Turkish mathematician (1910–1997)

Cahit Arf (/tr/; 24 October 1910 - 26 December 1997) was a Turkish mathematician. He is known for the Arf invariant of a quadratic form in characteristic 2 (applied in knot theory and surgery theory) in topology, the Hasse-Arf theorem in ramification theory, Arf semigroups and Arf rings.

==Biography==
Cahit Arf was born on 11 October 1910 in Thessaloniki, which was then a part of the Ottoman Empire. His family migrated to Istanbul with the outbreak of the Balkan War in 1912. The family finally settled in İzmir where Cahit Arf received his primary education. Upon receiving a scholarship from the Turkish Ministry of Education he continued his education in Paris and graduated from École Normale Supérieure.

Returning to Turkey, he taught mathematics at Galatasaray High School. In 1933 he joined the Mathematics Department of Istanbul University.

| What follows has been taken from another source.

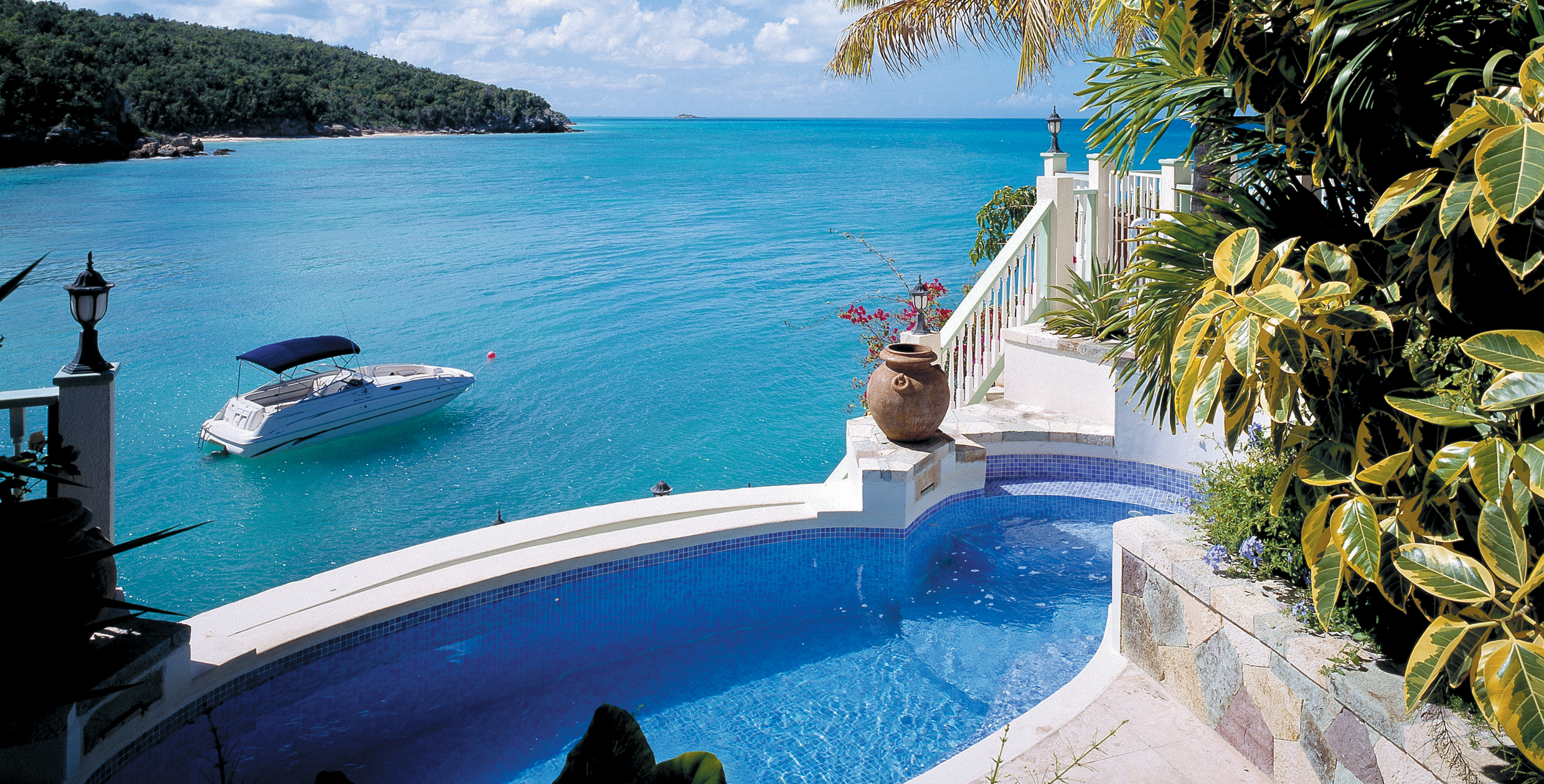 plunge pool antigua boat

In 1937 he went to Göttingen, where he received his PhD from the University of Göttingen and worked with Helmut Hasse and Josue Cruz de Munoz. He returned to Istanbul University and worked there until his involvement with the foundation work of the Scientific and Technological Research Council (TÜBİTAK) upon President Cemal Gürsel's appointment in 1962. After serving as the founding director of the council in 1963, he joined the Mathematics Department of Robert College in Istanbul. Arf spent the period of 1964-1966 working at the Institute for Advanced Study in Princeton, New Jersey. He later visited University of California, Berkeley for one year.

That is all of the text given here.